His presentation also charted the evolution of storytelling tech, which began with the pen, evolved substantially with a movie camera, and is now poised on the cusp of something huge with AI, especially when it comes to animation. Of course, his talk glaringly omitted referencing Quibi, an unsuccessful venture he launched following his tenure at DreamWorks Animation. 

Overall, the legendary producer underscored the staggering advancements brought about by AI and how these will dwarf those seen in past decades when it comes to technological advancement. 

To hear the producer tell it, AI embodies more than a technological leap: it comprises a fundamental change in the creative process. The Hollywood royal likened it to a new paintbrush or a radically advanced camera. 

In sum, AI’s revolutionary shift in animation will be both disruptive and commoditized.

Katzenberg also waxed nostalgic, recalling an era when churning out world-class animated films necessitated the involvement of 500 artists over five years.
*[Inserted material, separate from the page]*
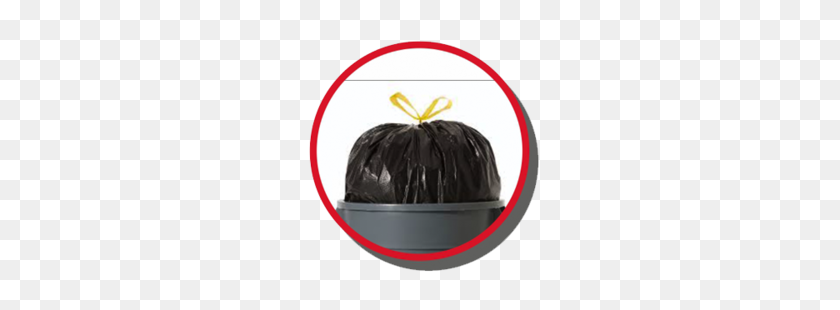 250x250 Garbage Bag - Trash Bag PNG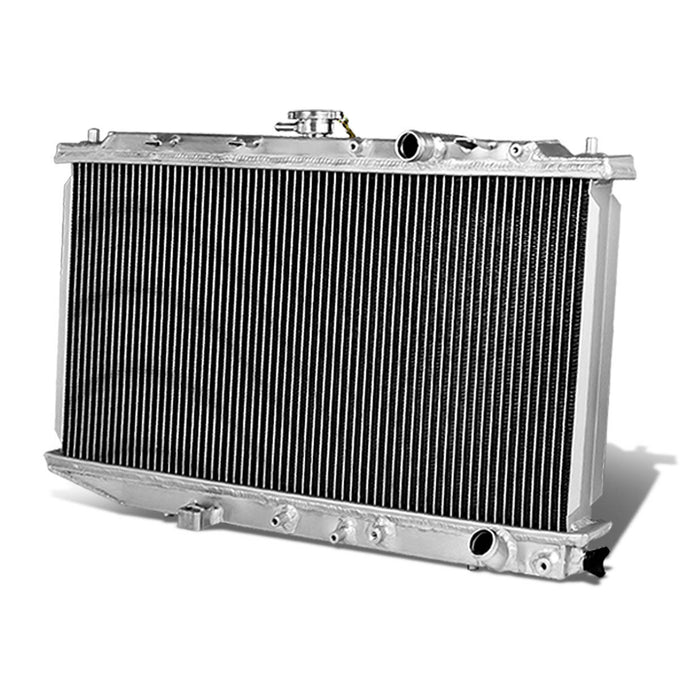 D-Motoring - Radiator - Inlet/Outlet: 1.25 / 1.25 - 2-Row - Aluminum - Civic/CRX/CR-X EF MT - 1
Now, however, he anticipates that the need for such extensive human resources will fall radically in a few years. In other words, an animated film requiring 500 animators in the past will now rely on less than 50. 

It’s scary stuff.

The emerging technology infamously became a focal point in recent contract negotiations between writers, actors, and studios. The import of AI and its consequences in Hollywood, let alone animation, sparked strikes and prolonged discussions between the major unions representing all facets of show business. 

Specifically, the expanding role of AI in the entertainment industry raised fears among writers and actors about job security and the rapidly evolving nature of their roles. AI tech represents the potential to automate whole swaths of content creation—especially animation.  

The striking creatives battled to determine how residuals and compensation would be managed in an AI-dominated environment. Typically, writers and actors earn residuals for content reuse. But with AI’s involvement in content creation, calculating, and distribution, these residuals morph into a complex issue. 

Also, the strikes emphasized concerns surrounding creative control and intellectual property rights generally. In the new, AI-dominated world—whether regarding animation or live-action—who owns the rights to AI-generated content? To what extent do creators have control over their intellectual property, specifically if AI modifies or recreates their work?

Blue Eye Samurai on Netflix
Blue Eye Samurai on Netflix

If these questions, controversies, and challenges were an appetizer, the coming AI onslaught on animation may be the main course. After all, animation is as popular as ever, catering to adults and children—Netflix’s Blue Eye Samurai recently wowed critics and audiences, for example. Let’s hope the industry manages to land on its feet.